There are generally three main classes of gravimeters: (a) laser or atom interferometers using timed measurements, (b) cryogenic superconducting levitated masses, and (c) spring-type gravimeters.
Laser interferometers have been implemented commonly for precision metrology across many scales and allow absolute gravimetry measurements with 1 to 10 μGal accuracies. Typically, laser interferometers involve timed and multiple-sampled measurements with calibrated or stabilized lasers, including locked to atomic clocks, to measure the free-fall of a reflecting body. Recent advances, for example, have used cold atom interferometry to determine the gravitational redshift to an accuracy of 7×10−9, improved precision of the gravitational constant to 1×10−4, or the gravity to a sensitivity of 100 ng per shot. With the interferometric or timed measurements, however, significant isolation from the environment—be it laser stabilization or cooling—is often required, which might hinder portability or rugged field deployment realizations.
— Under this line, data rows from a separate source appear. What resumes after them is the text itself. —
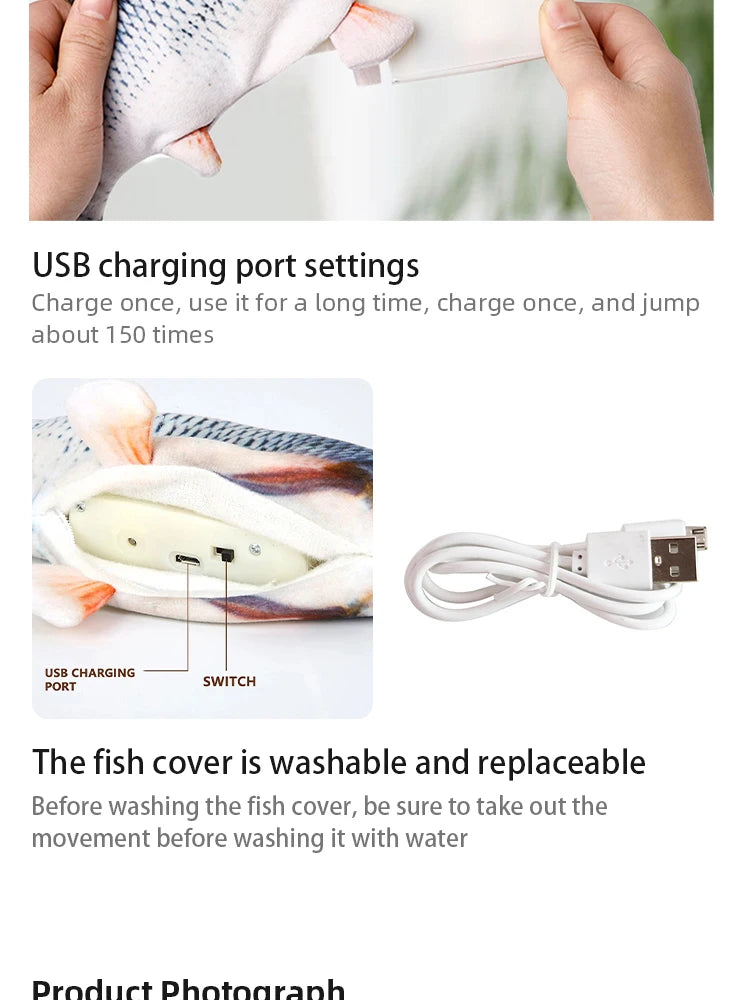USB Floppy Fish Toy – Electric Chew Toy for Cats & Dogs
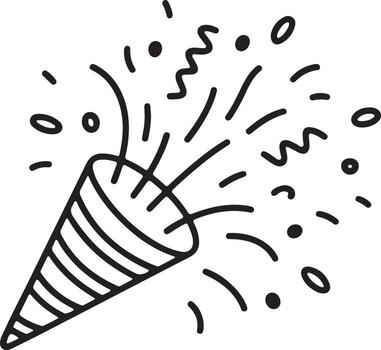 mano dibujado papel picado corchete explotando con serpentinas y círculos vector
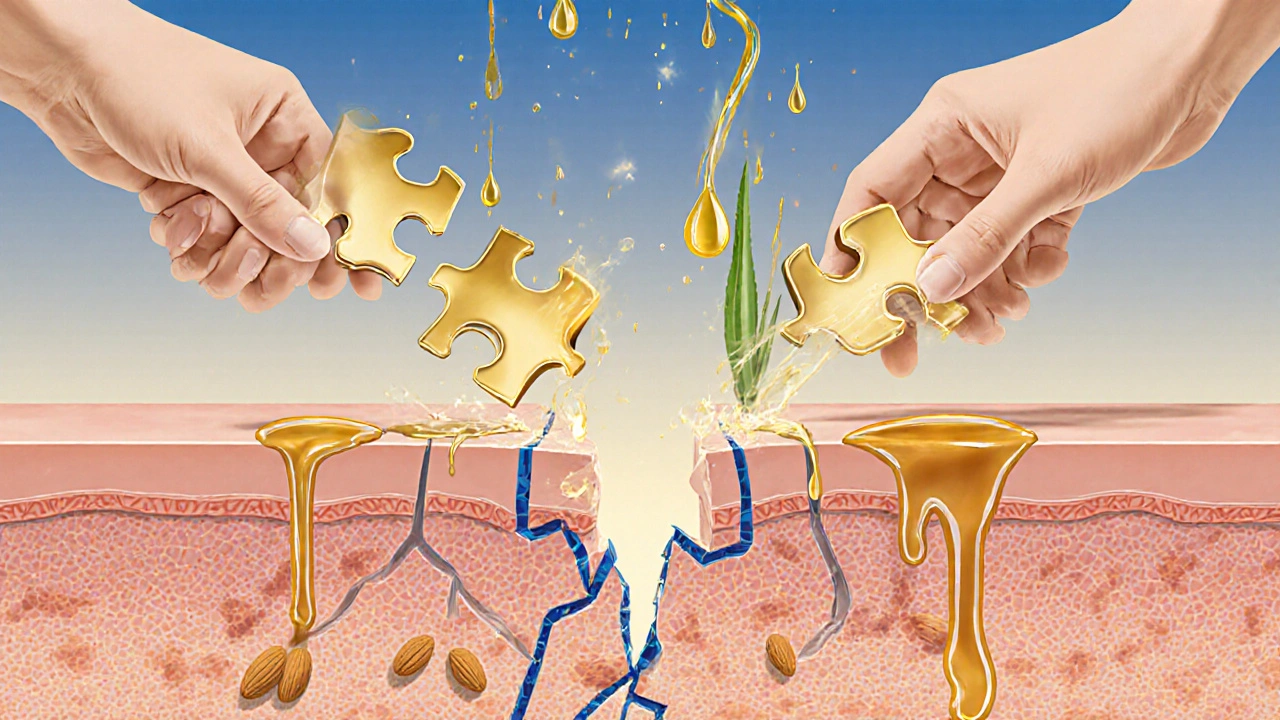 Symbolický obraz obnovy pleti pomocí ceramidů a přírodních látek jako stavebních prvků.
Superconducting gravimeters typically have low thermodynamical noise and low-drift, which can be due to the inherent stability of persistent currents in the superconductor, stability of the mechanical proof mass (e.g., a few grams), and insensitivity to ambient perturbations. Superconducting gravimeters, however, typically operate at cryogenic temperatures at ˜4.2K or lower the even in a closed-cycle cryostat requires ˜1 kW power for helium liquefaction, bringing challenges outside the laboratory environment.
The third class of gravimeters provides the spring-type approach for relative inertial force measurements. This approach is generally the most deployed. Prior work in the bulk involved simply an inclined spring to a cantilever beam (e.g., 10 cm spring) that gives a ˜100 nm displacement for a ˜10 ng relative gravity difference. This displacement can be sensed optically. The ensuing linearity about the zero-displacement point can provide a large measurement range; the use of quartz beams can alleviate concerns such as, e.g., hysteresis and fatigue in the sensor. This baseline design has been continuously modified and updated by, for example, Scintrex and sister company Micro-g La Coste, encompassing applications such as, e.g., mapping the deep ocean seafloor morphologies. In one particular implementation, the recent gPhone can achieve, for example, 100 nGal resolution, 1 μGal precision with a system noise of 3 μGal/Hz1/2, 7 Gal range and 1.5 mGal/month drift. This bulk unit can also include a rubidium clock to synchronize the global positioning system. A compact chip-scale gravimeter, however, till date only has a few initial recent suggestions, involving, for example, gravimeters with capacitative readout.